I am an undergraduate from Seoul National University, beginning my journey toward understanding the faithfulness of AI models—why models fail at tasks that are simple for humans, and how to make them remain grounded in the evidence they receive. My primary focus is on multi-modal learning, particularly vision-language models, where I study compositional reasoning failures and develop methods to mitigate hallucination.
I am also starting to explore in-context learning, beginning with language models and working toward extending these ideas to multi-modal contexts. At LinqAlpha, I build vision-language agents that automate investor workflows through accurate and faithful analysis of public filings.
My research interests stem from a fundamental observation: despite the remarkable progress in foundation models, these models still struggle with tasks that humans perform in a fundamental and intuitive manner - revealing critical gaps in how machines understand and reason about the world. I firmly believe that developing models capable of understanding and reasoning in a human-like way is essential to advancing human freedom, equality, and social solidarity.
My primary focus is on multi-modal models, specifically because I've discovered they struggle with fundamental tasks that should be trivial. For example, I researched compositional reasoning in CLIP-like models and found that alignment between vision and language modalities barely captures the relationships between elements. Recently, I've been investigating hallucination—how to prevent models from generating descriptions of content that simply isn't in the image.

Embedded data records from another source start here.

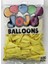 Balon Düz 12inc(Jojo Balloons)Makaron Sarı Vanilya PK:100 2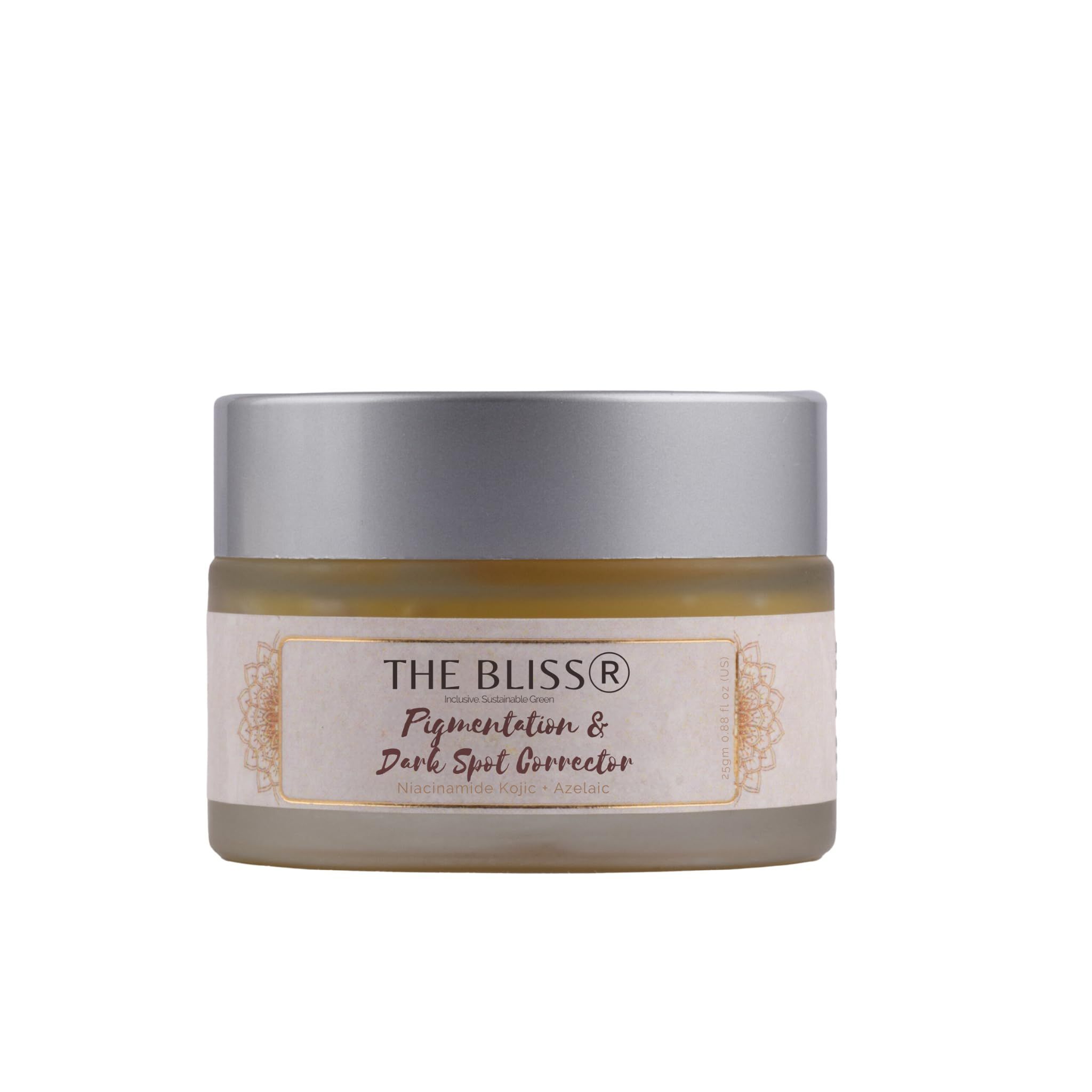 The Bliss Pigmentation and Dark Spot Corrector cream (Plant Based)- hyper pigmentation Darkspots skin barrier for Women and Men (25gm)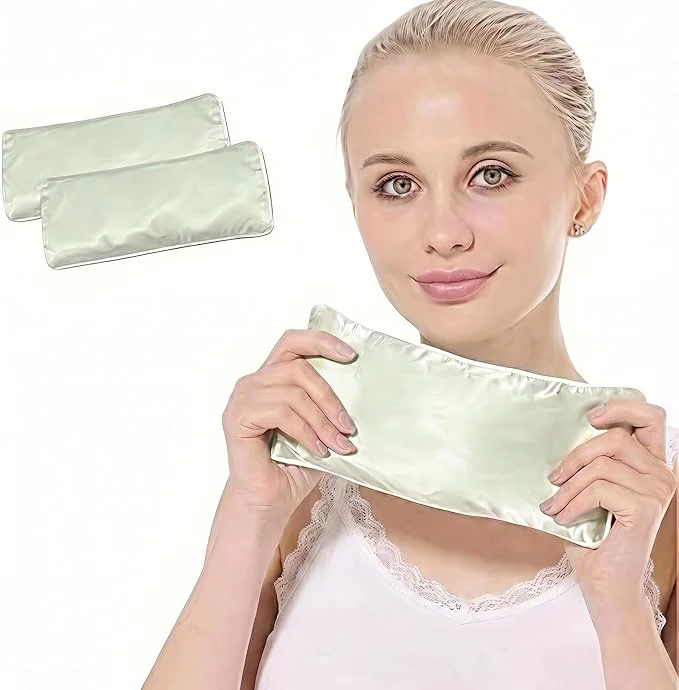 Professional Flexseed Eye Pillow Hot or Cold Weighted Satin Eye Mask Microwaveable Moist High-End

I'm also exploring in-context learning (ICL) and instruction following, which are intuitive for humans and increasingly effective in models—seeking to understand and exploiting these fundamental adaptive capabilities. On ICL, I seek to understand what makes in-context learning effective at the mechanistic level, working on methods to measure and identify which internal representation changes lead to performance improvements. On instruction following, I have been working on projects that leverage this capability to create real-world value—including computer use automation and investment research applications.